Я свесился из трубы, опробовал ступеньки. Скобы шатались, стена была вся в жирном черном нагаре. Полыхало тут неслабо, ешкин медь.

— Я туда не пойду, — объявил Голова. — Ты глянь, там эта сволочь кружится!

— И не одна, — добавил Чич.

Ну чо, принюхался я маленько. Целых три Поля кружили возле реактора. Приятного совсем мало. Ясное дело, их было почти в темноте не видать.

— Слава, вылазь оттуда. Мы пойдем вдвоем, я и Чич, — сказала моя женщина. — Вы ждите здесь. Ни в коем разе не спускайтесь.

— Ты чо, борщевика погрызла или бегать стала быстро? — вежливо спросил я.

— Вы оба мысли прятать не умеете, — сказала Иголка.

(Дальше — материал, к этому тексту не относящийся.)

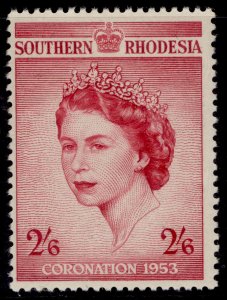 SOUTHERN RHODESIA QEII SG77, 2s 6d 1953 CORONATION, NH MINT.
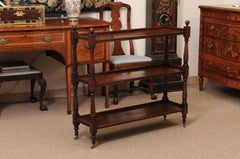 English 19th Century Shallow Rosewood Trolley with 3 Tiers and Brass Castors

— Опять баба у нас теперь за главного? — разозлился Голова. — Славка, уйми ты ее, не то я…

— Я ей чо, отец родной?

Тут Иголка промеж нас влезла. Хорошо, тут света было мало, Голова факел нарочно в сторону держал, что ли. Мне вдруг рыжего жалко стало, ага. Он дергался сильно, видать, крепче нас ему досталось, когда от мороков бегали. Кожа у него сильно слезала, кусками прямо, до крови, чесалось небось везде, да еще Иголка…

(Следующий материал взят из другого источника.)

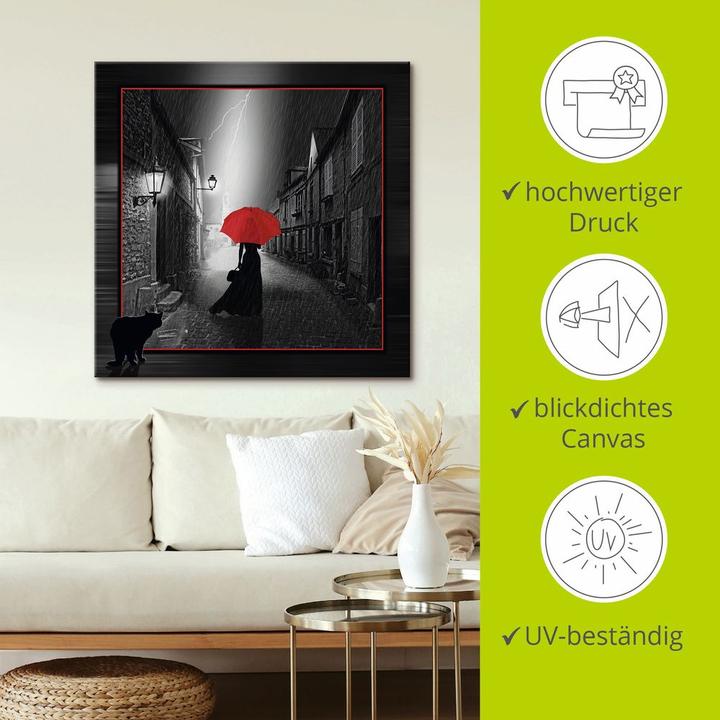 Immagine prodotto Artland La donna con l'ombrello rosso 2 T6FK (100 x 100 cm)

— Мальчишки, Голова, миленький, ну простите меня, я буду самая послушная!

Все же он в нее втрескался маленько, ешкин медь. Это Любаха, сеструха моя, так говорит, когда насмехается. Только я над Головой не насмехался, он же мой лучший друг. Я думал — вот мы с ним с детства с одной миски хлебаем, неужто нам и женщину не поделить? Голова же к ней вечно цепляется, то рычит, то над ней смеется, не может культурно разговаривать. Даже страшно мне стало…

— Уснул, красавчик? — Чич глянул слепым третьим глазом, я мигом проснулся. — Кончайте тут сопли разводить, спускайтесь вон до той загородки, там ждите нас. Так будет лучше.

Ну чо, кое-как на веревках спустили мешки с барахлом, сами вниз полезли. Я сказал, что буду спускаться последний, потому что самый тяжелый.